By then, the younger Yu was already well into a career working on the airport ground crew for a variety of airlines. When he turned 30, he was suddenly struck by a sense of aimlessness, and he decided to move to Japan, a country that had fascinated him since he was a young boy watching animé in the 1970s. He lived there for several years. Then his dad fell ill. Yu returned to Hong Kong and began helping out with the family business. He took over about 10 years ago.
“My father really was a silent guy,” says Yu. That wasn’t just true of family dinners – Yu’s father also shunned media attention, so the brand had begun to fade into obscurity. Yu took a few simple steps to revive it. He became active on Facebook and he enlisted his younger brother Charlie, a designer living in Japan, to create new custom-embossed glass bottles. When the company moved to a new location on Third Street last year, Charlie designed the retail shop, filling it with dark wood and artefacts that remind customers of Yu Kwen Yick’s long history. “We are just like Batman and Robin,” says Yu. “I’m the one running around outside, looking for trouble, and he’s the one who backs me up.”
- Anthony Yu runs the family business
Even more important is what Yu didn’t change. The label is still a throwback to the 1920s, with an illustrated scene of junks on the Pearl River – an homage to the Yu’s ancestral home in Shunde, also known as Shun Tak, a region of Guangdong famous for its food. Whereas the cuisine of Guangzhou is more restrained, Shun Tak food is more liberal in its use of potent flavours like preserved tangerine peels (can4 pei4 陳皮) and red dates. Perhaps that explains Grandfather Yu’s taste for chilli.
The recipes haven’t been altered either. Yu Kwen Yick makes five products: classic chilli sauce, chilli oil, plum sauce, chilli soy sauce and chilli black bean sauce. When Yu says he doesn’t understand why people love Yu Kwen Yick’s classic sauce so much, he is only half joking, because its ingredients are about the same as any other local laat6 ziu1 zoeng3 : white vinegar, sweet potatoes, chilli, salt, sugar, peanut oil and garlic.

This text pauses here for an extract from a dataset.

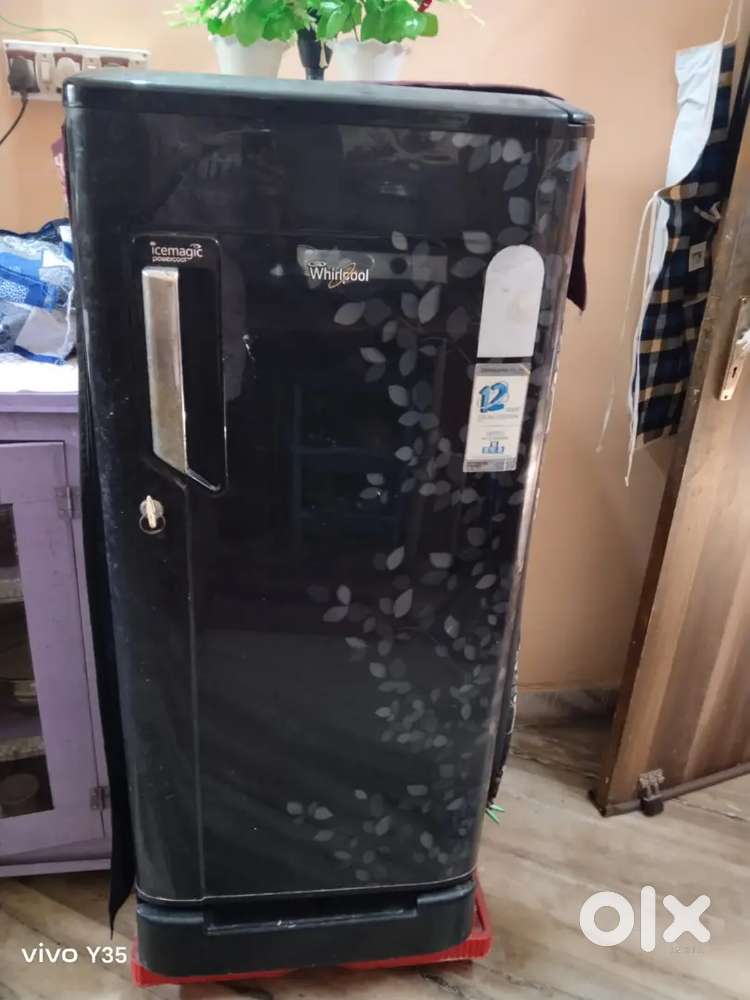 Whirlpool fridge 12 hour cooling retention and fastest in ice making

Yu reckons the difference comes down to the quality of the ingredients. His sauce uses fresh bird’s eye chillis and sweet potatoes “big like this,” he says, gesturing to the length of his forearm. (Sweet potato is what gives Hong Kong-style hot sauces their thick texture; it’s likely they were first used because they are one of the most affordable starches around.) Other local sauces are made with MSG and preservatives like sodium benzoate, but not Yu Kwen Yick.
The classic sauce has a sharp, assertive spiciness, and it remains the company’s most popular product. But Yu prefers the bean sauce, whose fermented black beans give the chilli an earthier, more robust stage on which to play. Yu’s grandfather came up with the sauce, but his father had discontinued it. He brought it back when he took over the company. Today, it’s more of a cult classic than a best-seller. “I wish the chilli bean sauce was the most popular, but it isn’t,” he says.
Yu says he has noticed an uptick of interest in recent years. “Not many old brands are left,” he says. “People are looking for something made in Hong Kong.” By way of example, he mentions how a Western restaurant in Kennedy Town is using his sauce on their chicken wings. Does he means Alvy’s? “Yes, Alvy’s!” he says. How does he like the wings? His eyes grow wide and he shakes his head. “It’s so spicy!” He laughs. “For me, it’s too much.”